Comments

You must log in or register to comment.

cma_4204 t1_iuyamtp wrote

Data augmentation, dropout?

2

tivotox t1_iuyavzv wrote

The model is equivariant no dataset augmentation, no DO as well. The model doesn't overfit as I said

1

cma_4204 t1_iuyb08l wrote

Well, clearly it’s not getting any better with what you’re trying. Maybe time to rethink

1

tivotox t1_iuybact wrote

But DO will prevent overfitting, I don't have any overfitting it's not the relevant tool

0

cma_4204 t1_iuybjkm wrote

My best guess is coding mistake on your part. Good luck tivo

1

tivotox t1_iuyfoup wrote

I mean the dataset is extremely diverse. like millions clusters and every entry is noised when loaded on GPUs

1

suflaj t1_iuy2y71 wrote

Loss doesn't matter, what are the validation metrics?

1

tivotox t1_iuy798z wrote

The loss here is for a denoiser, it can be seen as the variance between the noise and the noise predicted. So it's in this case a good metric

1

suflaj t1_iuya2f9 wrote

It can be seen as an approximation of the variance between the noise and the noise predicted conditioned on some data.

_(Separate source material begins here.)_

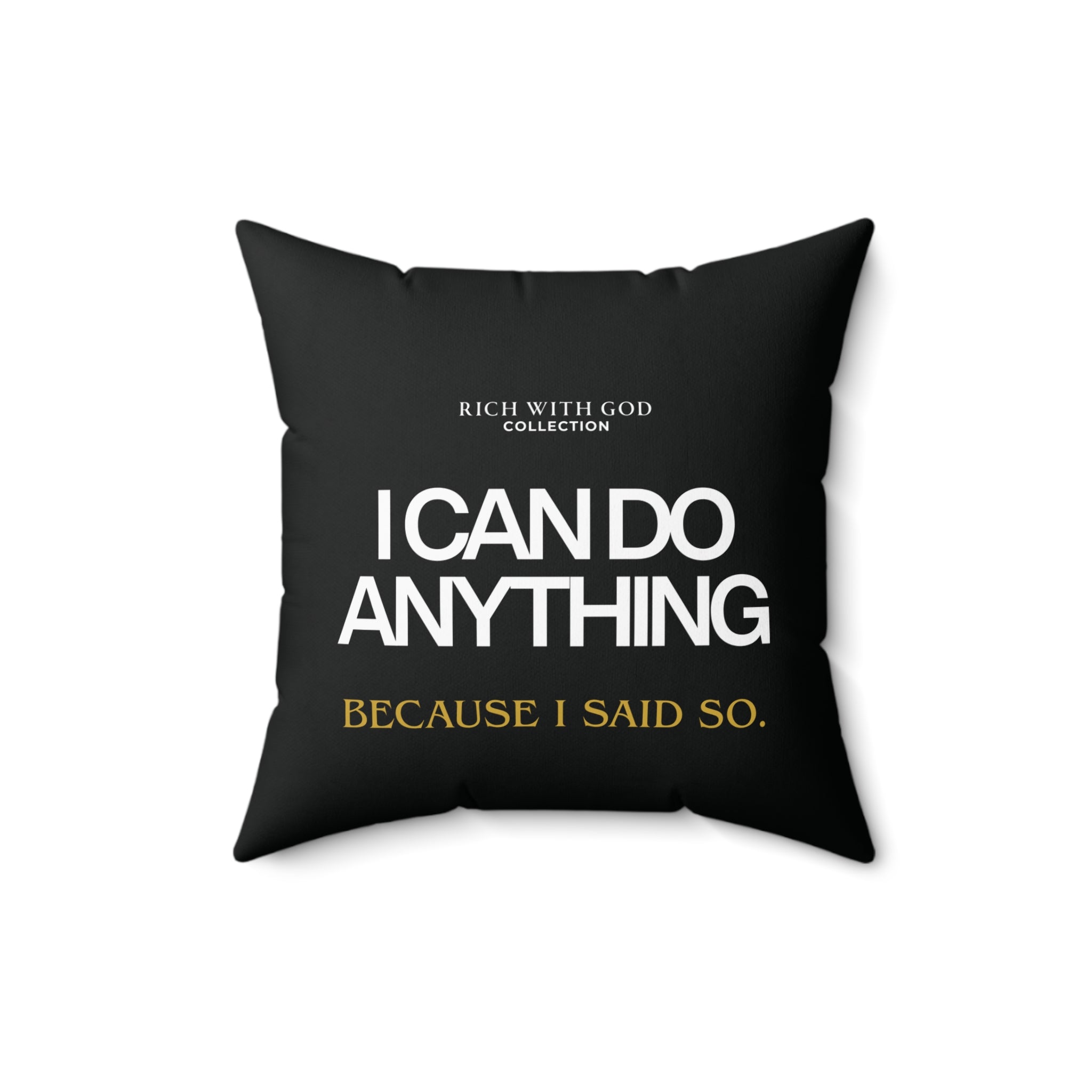I Can Do Anything Spun Polyester Square Pillow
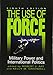 The Use of Force: Military Power and International Politics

If it's on the training set it is not even usable as a metric, and if it is not directly related to the performance it is not a good metric. You want to see how it acts on unseen data.

1

tivotox t1_iuyb2oh wrote

The split has been done such as the train and test are highly different. the loss are almost equal on both datasets.

1

suflaj t1_iuybshu wrote

That seems very bad. You want your train-dev-test to be different samples of the same distribution, so, not very different sets.

Furthermore, if you're using test for model validation, that means you will have no dataset to finally evaluate your model on. Reconsider your process.

Finally, again, I urge you to evaluate your dataset on an established evaluation metric for the task, not the loss you use to train the model. What is the exact task?

2

[deleted] OP t1_iuyf897 wrote

[deleted]

1

suflaj t1_iuyg2am wrote

Well I couldn't understand what your task was when you didn't say what it was until now.

Other than that, skimming through the paper it quite clearly says the following:

> Our present results do not indicate our procedure can generalize to motifs that are not present in the training set

Because what they're doing doesn't generalize, I think the starting assumptions (that there will be imprevements with a larger model) are wrong, and so the question is unnecessary... The issue is with the method or the data, they do not elaborate more than that.

2